Il déploie tant d’énergie, est tellement survolté, qu’ Eilene Galloway (4 mai 1906 – 2 mai 2009), évoque cette blague, qui n’a pas tardée à faire le tour du Capitole :
« Si on craquait une allumette derrière Johnson il se retrouverait en orbite ».
Eilene Galloway sera surnommée plus tard la « grande dame de l’espace » car elle a notamment contribué à la rédaction du National Aeronautics and Space Act, à l’origine de la NASA.
A la mi-octobre 1957, deux semaines après le lancement de Spoutnik 1, George E. Reedy (5 août 1917 – 21 mars 1999), le plus proche conseiller du sénateur du Texas, Lyndon B. Johnson (27 août 1908 – 22 janvier 1973), lui envoie un long mémorandum dans lequel il explique que le thème Spoutnik, si exploité de manière intelligente, va faire exploser (blast out of water) le Parti républicain, unifier et souder le Parti démocrate, et permettre de gagner la prochaine élection présidentielle.
Il faut faire de l’espace le sujet prédominant, afin de reléguer celui de la ségrégation, qui divise le Parti démocrate, au second plan.
C’est exactement ce à quoi s’emploiera assidûment Johnson, et bien sûr John Kennedy (29 mai 1917 – 22 novembre 1963) également.
A la convention démocrate qui s’est tenue du 11 au 15 juillet 1960, John Kennedy qui avait remporté les primaires de son parti, est investi au premier tour.
A la surprise générale, Kennedy demande à Johnson qui est arrivé second, d’être son colistier, c’est ainsi qu’en cas de victoire, le tout puissant chef de la majorité au Sénat, deviendrait vice-président.
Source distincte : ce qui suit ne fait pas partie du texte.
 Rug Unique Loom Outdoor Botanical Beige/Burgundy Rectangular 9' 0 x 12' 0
Deuxième surprise, Johnson accepte. (A l’automne 1959 Johnson avait notamment affirmé à Robert Kennedy qu’il ne briguerait pas la présidence. Une promesse qu’il ne tiendra pas !)
Les explosions de fusées qui se succèdent au Cap Canaveral, que la presse a surnommé Cap Carnaval, et les réalisations soviétiques (Spoutnik 2 et la chienne Laïka, Luna 1, Luna 2, Luna 3…) vont grandement aider à persuader les électeurs que les Etats-Unis sont derrière l’union soviétique et que les républicains sont responsables de cette situation, de ce prétendu missile gap.
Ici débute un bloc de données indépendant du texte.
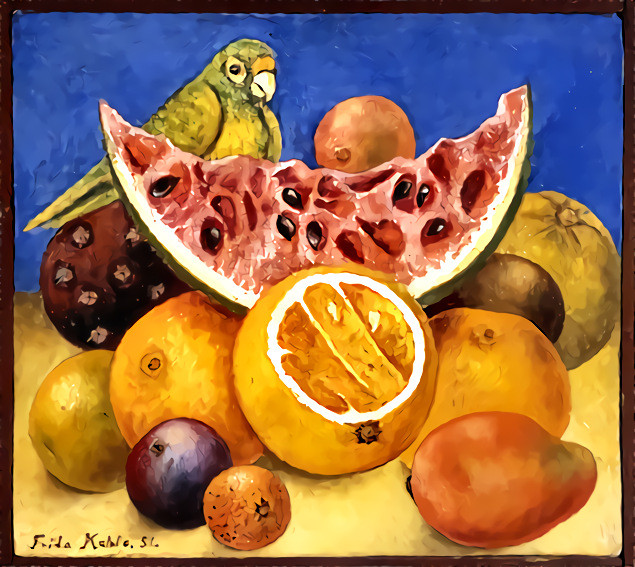 Still life with parrot and watermelon by Frida Kahlo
L’attitude du président en exercice, Dwight Eisenhower (14 octobre 1890 – le 28 mars 1969), qui ne souhaite pas, selon sa propre expression, « un grand ministère de l’espace », et tente de minimiser l’impact de Spoutnik, à juste titre d’ailleurs, n’aide pas les républicains. Richard Nixon (9 janvier 1913 – 22 avril 1994), l’adversaire de Kennedy à la présidentielle, ne peut pas se désolidariser d’Eisenhower dont il a été le vice-président pendant huit ans.
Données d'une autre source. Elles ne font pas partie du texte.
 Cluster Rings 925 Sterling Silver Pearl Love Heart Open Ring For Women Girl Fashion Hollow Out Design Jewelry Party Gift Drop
Le 8 novembre 1960, le démocrate John F. Kennedy est élu, d’extrême justesse tout de même, 35e président des Etats-Unis, à l’âge de seulement 43 ans.
Exactement comme l’avait entrevu le rusé George Reedy, les démocrates l’ont emporté.
Un peu d’Histoire dans la petite histoire : bien que le Parti démocrate ait été fondé (par Thomas Jefferson) en 1792, 62 ans avant la création du Parti républicain, qui date du 28 février 1854, nous dénombrons à ce jour 14 présidents démocrates et 19 présidents républicains.
Dans son édition du 9 novembre 1957, 36 jours après Spoutnik 1, et 6 jours après Spoutnik 2, le quotidien est-allemand Neues Deutschland, l’organe officiel du Parti socialiste unifié d’Allemagne (Sozialistische Einheitspartei Deutschlands) le seul parti autorisé en République Démocratique Allemande, s’offusque de constater que l’industrie du jouet, sous contrôle de l’état, n’ait pas pensé à commercialiser un jouet « Spoutnik » pour les fêtes de Noël.
Le journal exhorte donc, la mise sur le marché de décorations spécifiques pour les sapins de Noël : « une boule en forme de Spoutnik serait du plus bel effet, avec une étoile rouge et un marteau doré étincelant sur un fond argenté. »
De l’autre côté de l’Atlantique, il n’a fallu que quelques semaines à la société new-yorkaise Maggie Magnetic, Inc. pour sortir une version « Spoutnik » de son célèbre jouet à rotation, le Whee-Lo, (de wheel qui signifie roue), qui avait été commercialisé en 1953.